-- WHAT YOU WILL DO --
Restate word for word the lines below from the one that has "Unisex Womens Mens" through the one that has "molecular formula C14H20ClFN2O", keeping both and dropping all pictures.

-- THE INPUT --
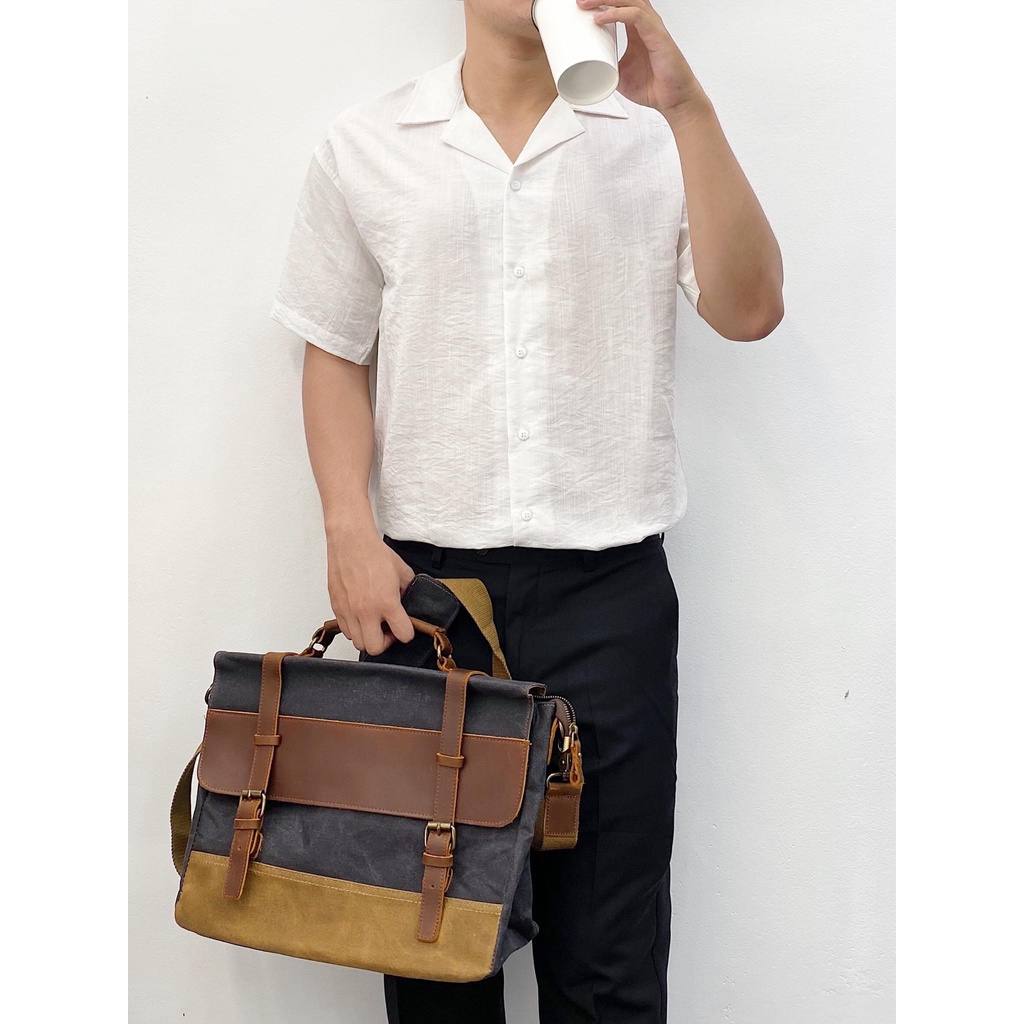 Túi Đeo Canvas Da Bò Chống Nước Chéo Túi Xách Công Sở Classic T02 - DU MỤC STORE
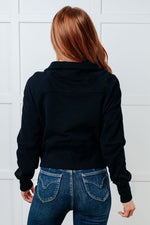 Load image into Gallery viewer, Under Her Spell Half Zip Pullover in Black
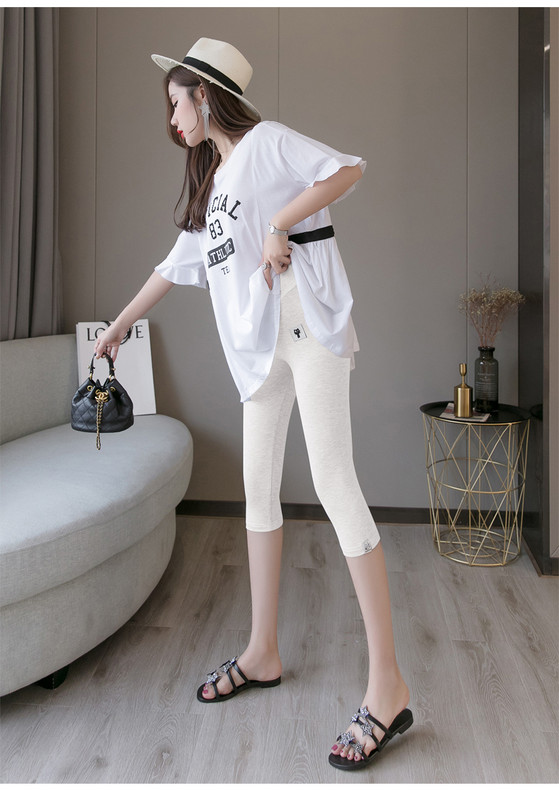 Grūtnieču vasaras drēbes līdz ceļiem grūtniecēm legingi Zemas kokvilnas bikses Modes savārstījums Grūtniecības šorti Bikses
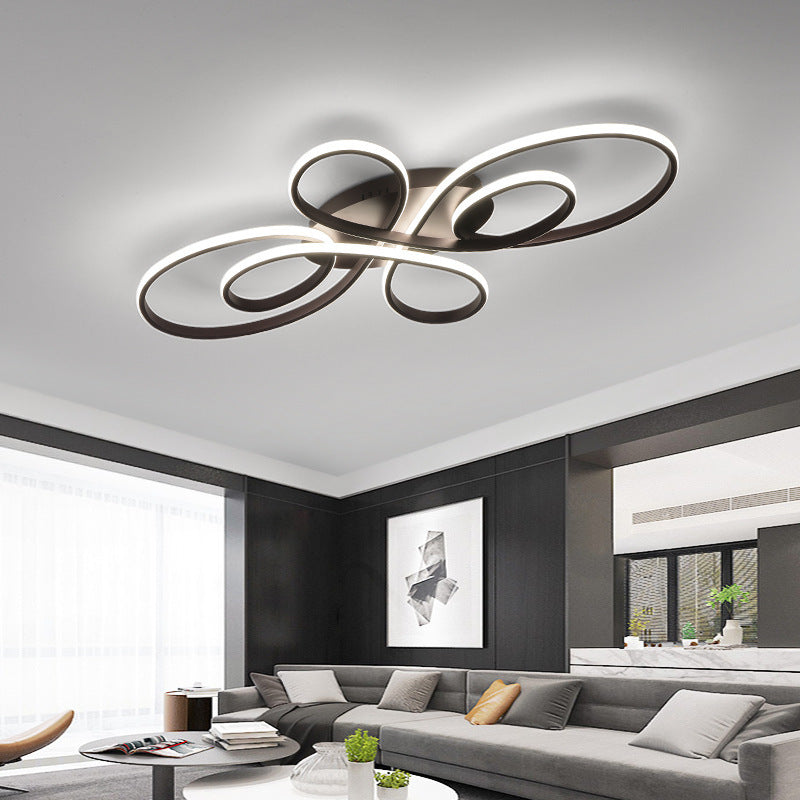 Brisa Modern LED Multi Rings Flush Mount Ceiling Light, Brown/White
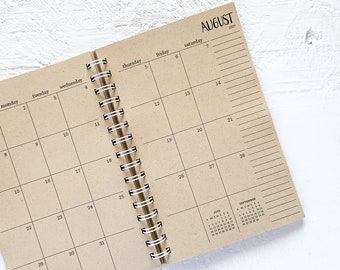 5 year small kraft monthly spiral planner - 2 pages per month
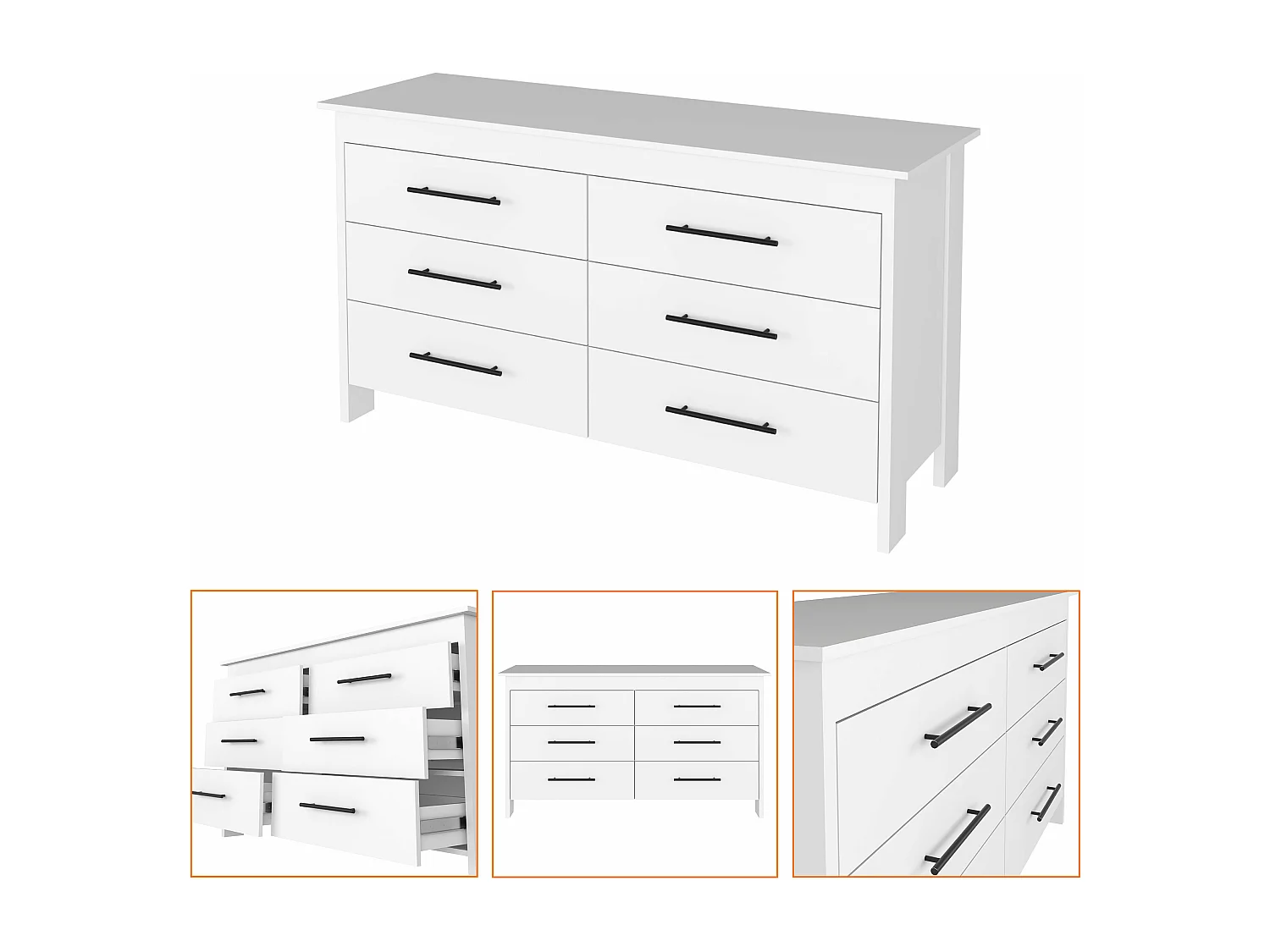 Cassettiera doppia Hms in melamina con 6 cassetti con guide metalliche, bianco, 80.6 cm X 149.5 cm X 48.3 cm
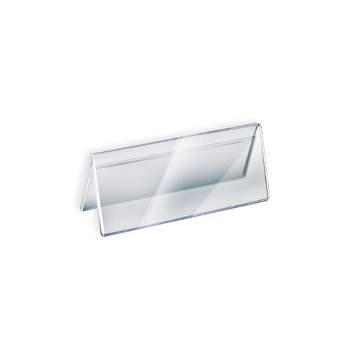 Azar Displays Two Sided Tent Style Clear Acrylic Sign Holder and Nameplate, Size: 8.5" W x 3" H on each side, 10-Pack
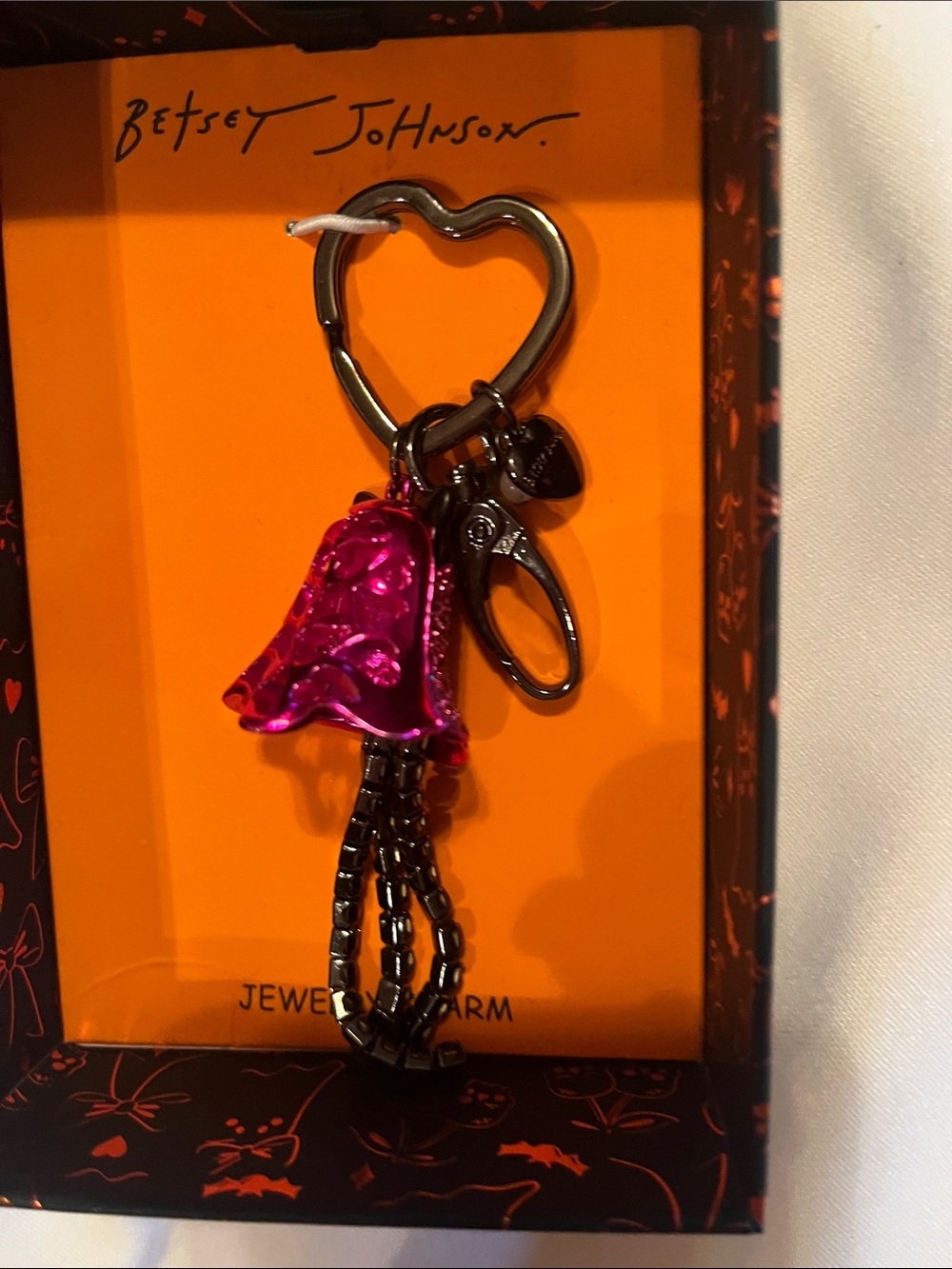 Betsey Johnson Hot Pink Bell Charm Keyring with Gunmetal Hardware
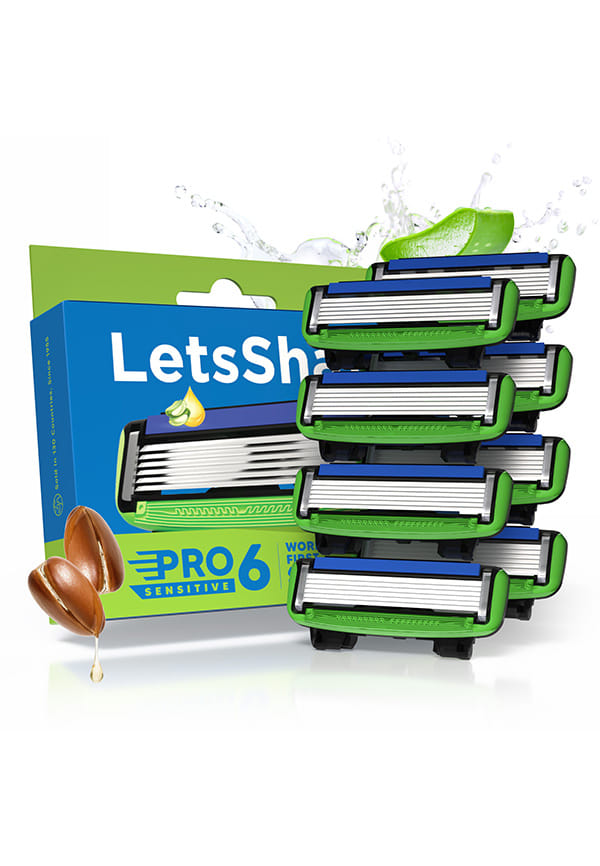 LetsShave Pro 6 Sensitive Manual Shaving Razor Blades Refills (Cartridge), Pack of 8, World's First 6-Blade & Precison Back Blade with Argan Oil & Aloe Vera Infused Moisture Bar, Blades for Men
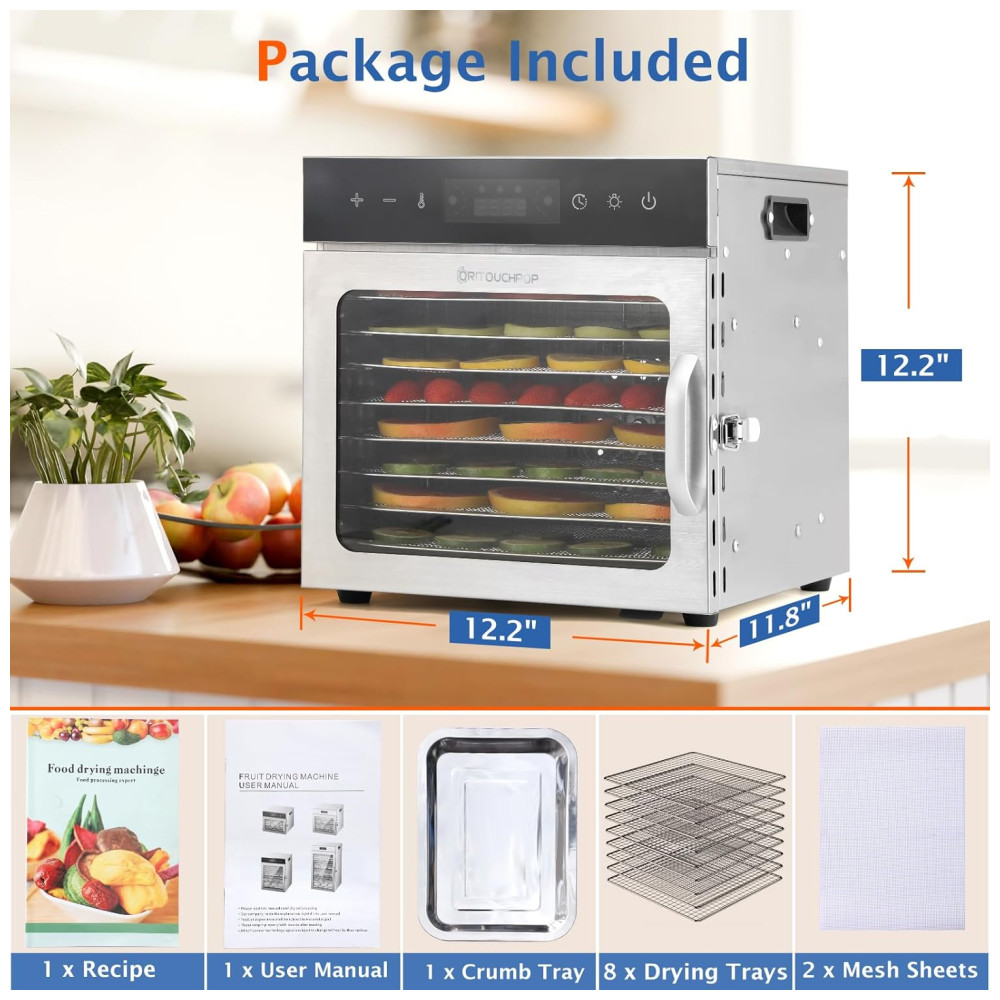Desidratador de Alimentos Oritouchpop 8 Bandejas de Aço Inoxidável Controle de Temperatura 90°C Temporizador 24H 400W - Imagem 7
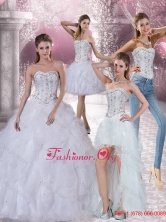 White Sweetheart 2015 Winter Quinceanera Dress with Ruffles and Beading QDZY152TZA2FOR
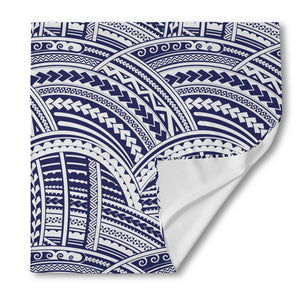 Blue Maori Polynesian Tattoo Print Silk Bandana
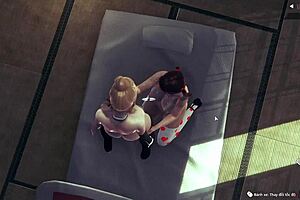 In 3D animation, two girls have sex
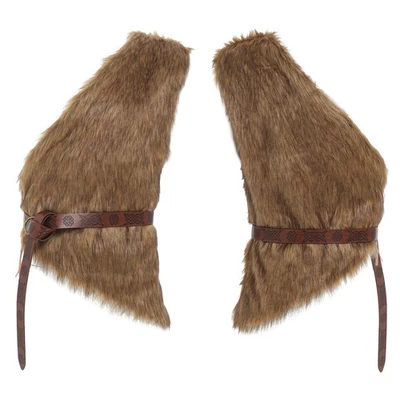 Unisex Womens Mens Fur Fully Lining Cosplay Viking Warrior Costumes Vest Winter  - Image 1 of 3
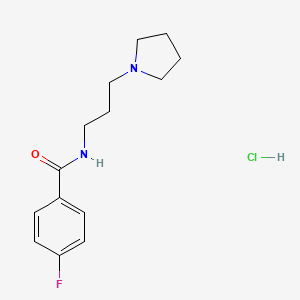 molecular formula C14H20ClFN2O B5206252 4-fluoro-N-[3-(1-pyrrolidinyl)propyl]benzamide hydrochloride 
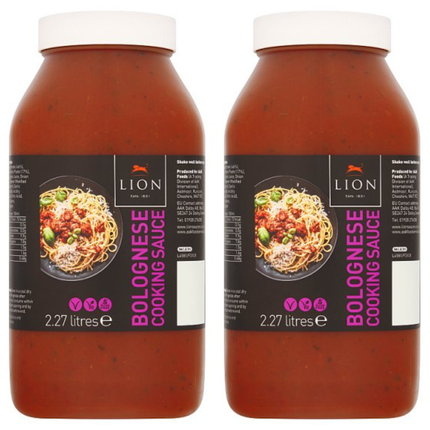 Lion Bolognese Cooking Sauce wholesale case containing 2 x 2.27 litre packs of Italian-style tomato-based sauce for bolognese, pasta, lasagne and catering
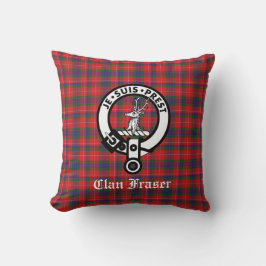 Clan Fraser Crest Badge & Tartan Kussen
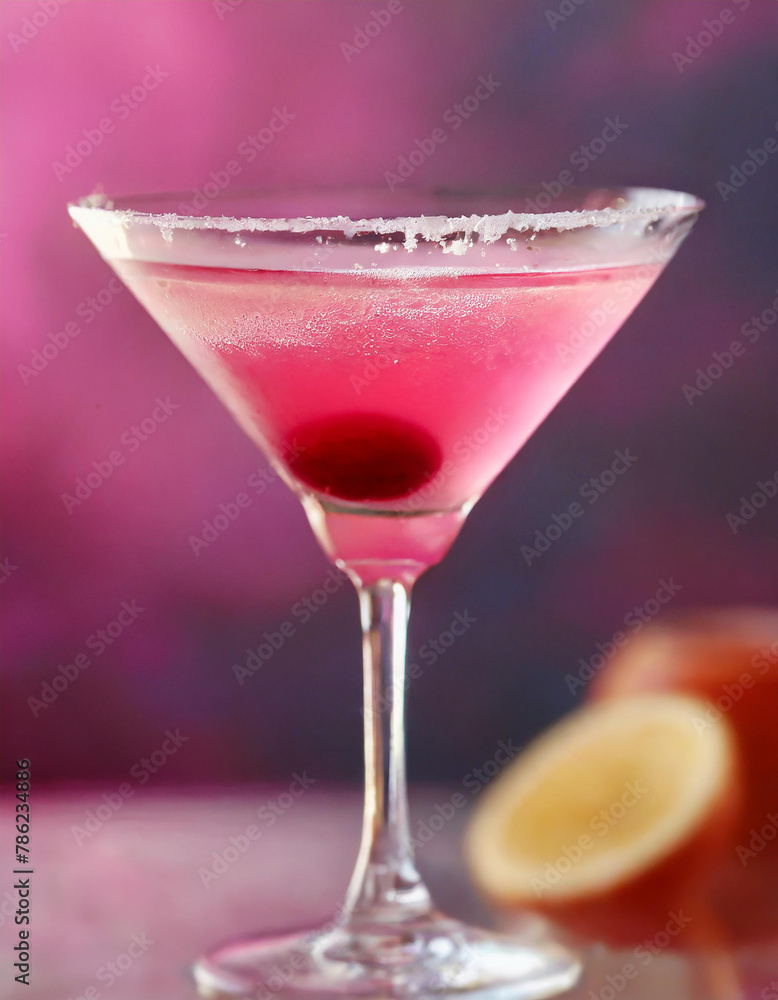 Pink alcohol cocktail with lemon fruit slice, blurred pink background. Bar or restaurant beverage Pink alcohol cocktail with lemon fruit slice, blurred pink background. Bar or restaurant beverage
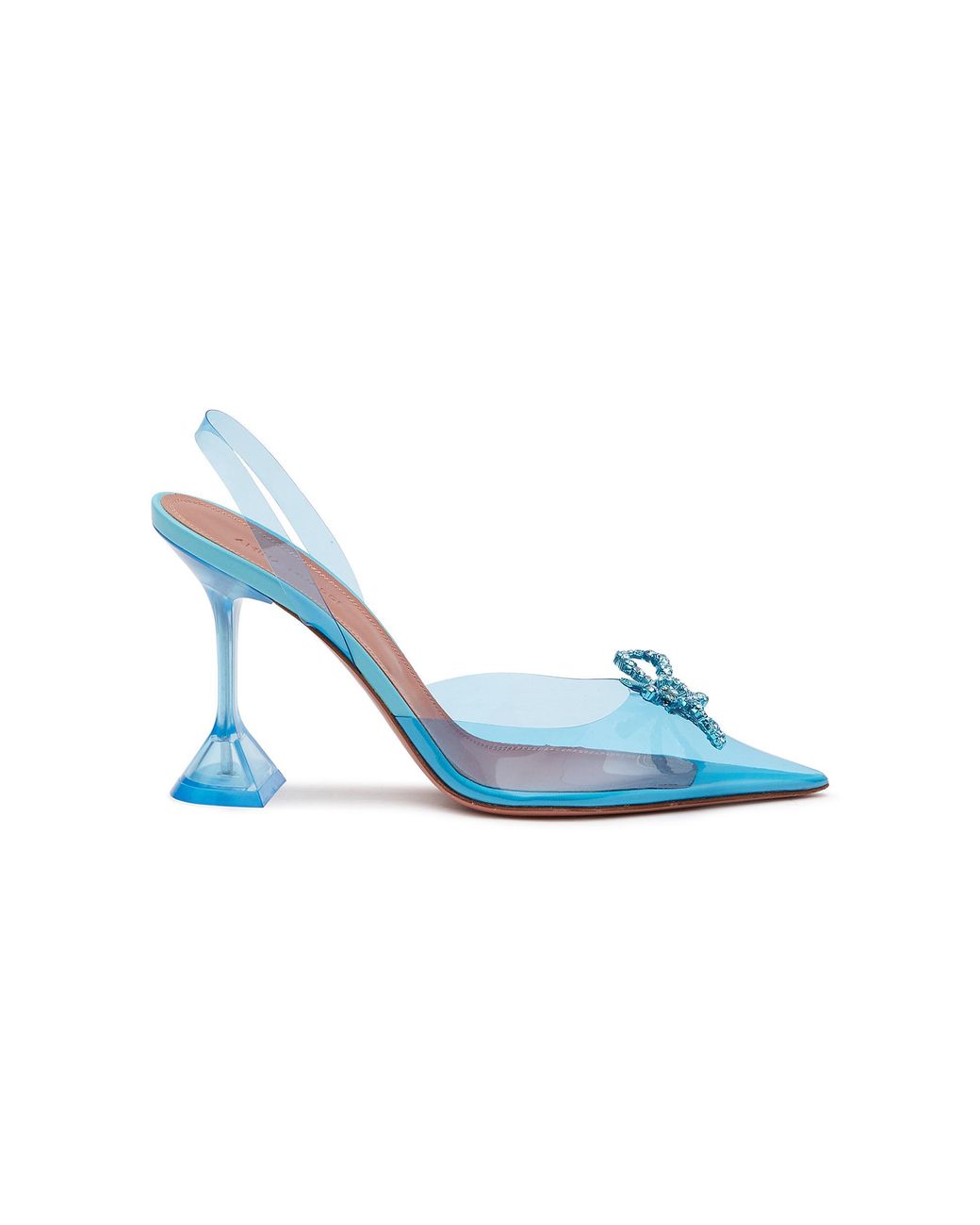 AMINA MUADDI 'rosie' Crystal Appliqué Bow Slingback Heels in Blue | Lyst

-- SOLUTION FOR THIS EXERCISE --
 Unisex Womens Mens Fur Fully Lining Cosplay Viking Warrior Costumes Vest Winter  - Image 1 of 3
 molecular formula C14H20ClFN2O B5206252 4-fluoro-N-[3-(1-pyrrolidinyl)propyl]benzamide hydrochloride 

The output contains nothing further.